Lightfeed supports various data types to ensure your data is stored appropriately:

Data TypeDescriptionExample
TextGeneral text contentArticle titles, Product descriptions
URLWeb addressesProduct links, profile URLs
NumberNumerical valuesPrices, ratings, quantities
BooleanTrue or falseIn stock or not

Choose the appropriate data type for each field to ensure proper validation and formatting.

Field Descriptions

Each field should have a clear description that explains:

  • What data the field contains
  • Any formatting expectations
  • How to handle edge cases or missing data

Good descriptions help ensure consistent data extraction.

Examples:

The current selling price of the product in USD. Extract numeric value only (no currency symbols). If price is shown as a range, extract the lowest price.

The current selling price (numeric only, no currency symbol). Leave empty if no pricing available.

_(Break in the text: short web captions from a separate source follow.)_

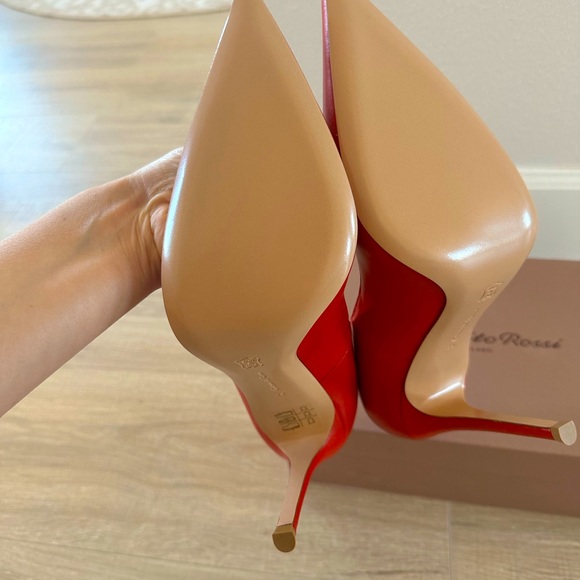 Gianvito Rossi Red
105mm Gianvito leather pumps ,Size 9 (39),105MM - Picture 7 of 8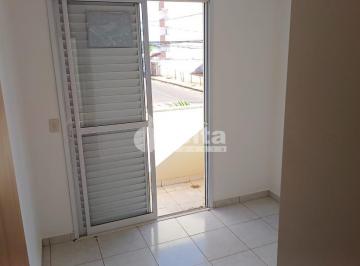 NULL · Apartamento disponível para locação e venda no bairro Segismundo Pereira em Uber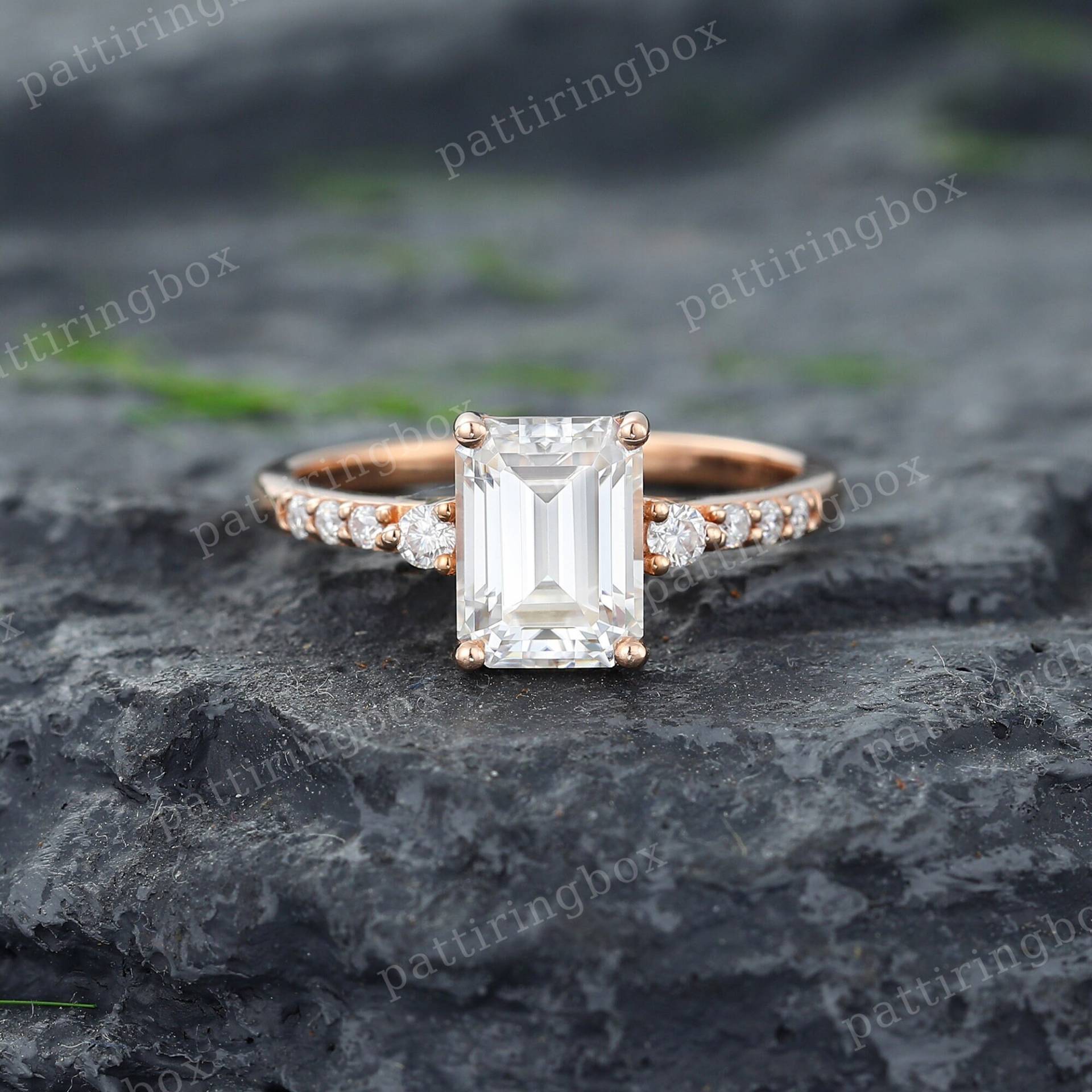 Smaragdschliff Moissanite Verlobungsring Vintage Einzigartige Rose Gold Diamant Pflastern Ring Brautjubiläum Versprechen Für Frauen von pattiringbox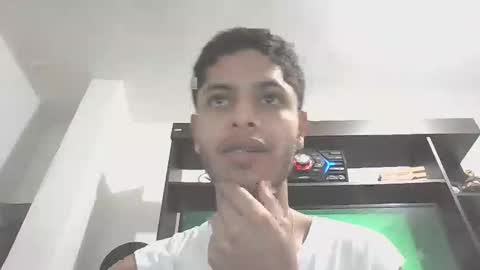 Snapshot of manuel444rl chatting on 02.12.25 Manuel RL online show from 02.12.25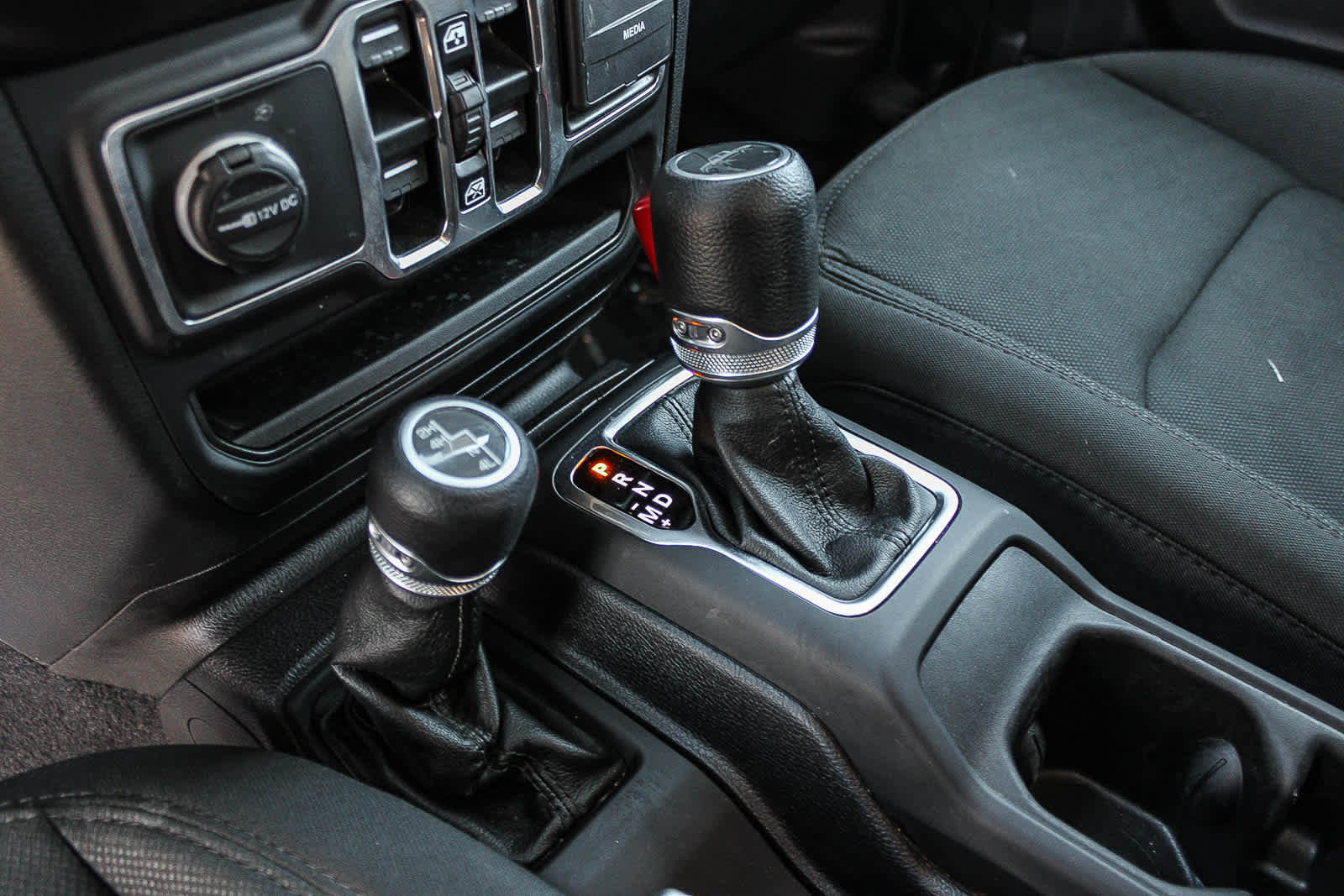 Used 2021 Jeep Gladiator Sport image 19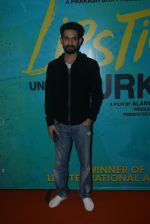 Vikrant Massey at the The Red Carpet along With Success Party Of Film Lipstick Under My Burkha on 28th July 2017 (118)_597c86d64556a.JPG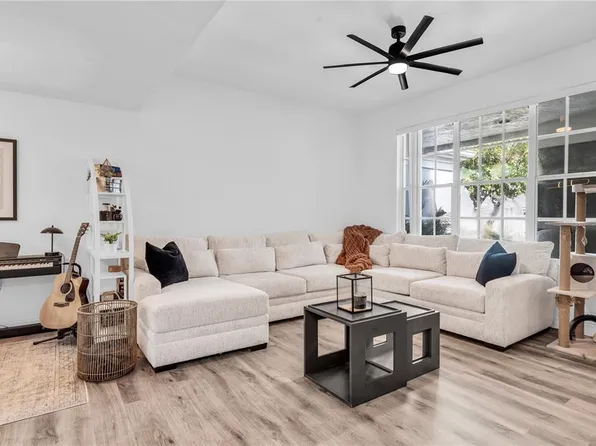 3825 Schoolhouse Rd E APT 5, Fort Myers, FL 33916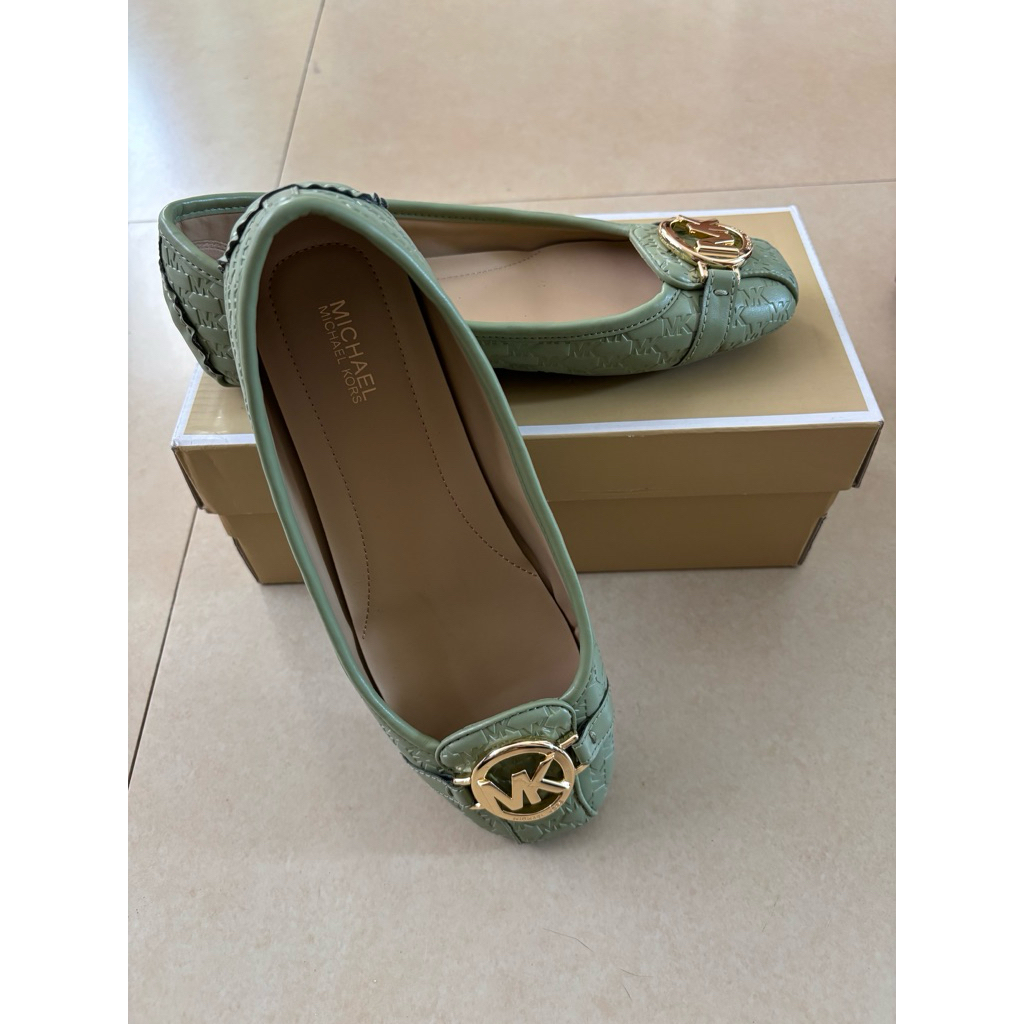 Preloved Flatshoes MK Fulton Logo Embossed Faux Leather Mocassin Light Sage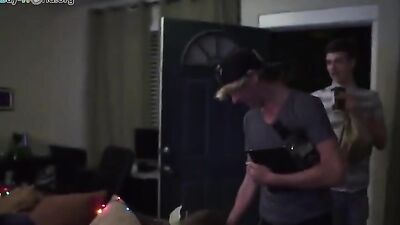 Gay Porn Twinks: Open Staircase Oral Cum Shots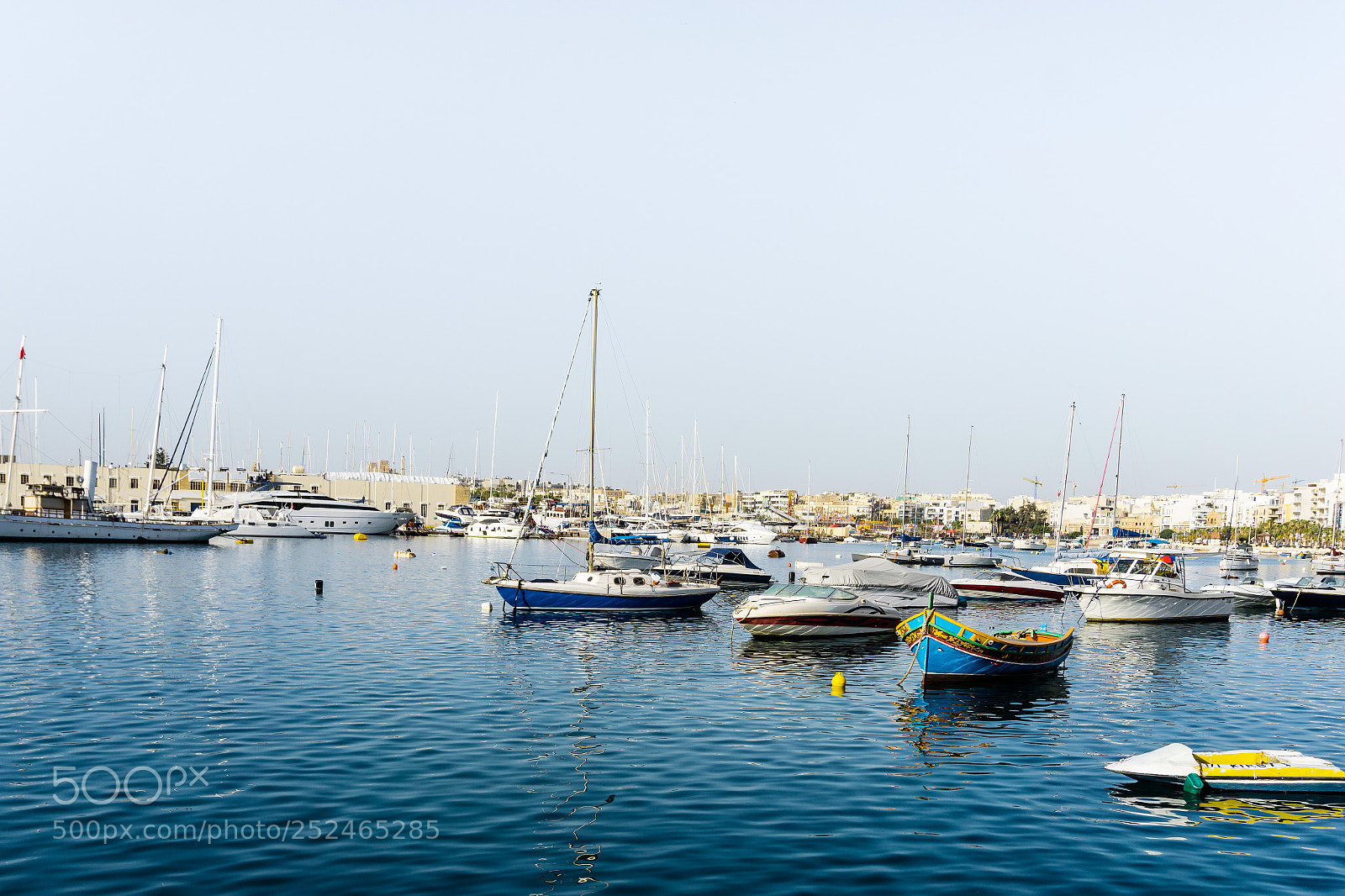 Sony a6000 sample photo. Mediterranean traditional colorful boats photography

Pricing in number. Use "N/A" if no pricing is available ("Pricing" is vague - with or without currency symbol. "N/A" is not a valid numerical value)

ID Field

Every schema needs ID field(s) that uniquely identifies each record. It can be either a single field or a combination of multiple fields that together form a unique identifier. Using multiple fields as a composite ID is particularly useful when no single field uniquely identifies a record, but a combination of fields does.

The ID field is crucial for:

  • Preventing duplicate records in your database
  • Updating existing records when data changes
  • Tracking historical data over time

When generating a schema from your prompt, Lightfeed will automatically select appropriate ID field(s), but you can always customize this selection to better match your data structure.

Common ID Field(s) by Use Case:

Use CaseRecommended ID Field(s)
News articlesArticle URL
E-commerce productsProduct name
Job listingsJob ID or (job title + company name + location)
Social media profilesProfile URL or username
Real estate listingsProperty address or listing ID

For more on how deduplication works based on ID fields, see the Data Deduplication Guide.

Schema Best Practices

Keep It Simple

Start with the essential fields and add more as needed. A simpler schema is easier to maintain and more likely to yield consistent results.

Plan for Variability

Consider how data might vary across different sources and plan your schema accordingly. For example, some product listings might not include ratings or review counts.

Use Consistent Naming Conventions

Choose a naming convention (e.g. snake_case) and stick with it throughout your schema.

Include Clear Descriptions

Provide detailed descriptions for each field to guide AI on what data should be extracted.

Choose the Right Data Types

Select appropriate data types for each field to ensure proper validation and formatting.

Review and Refine

Test your schema with a small extraction before scaling up. Adjust as needed based on the results.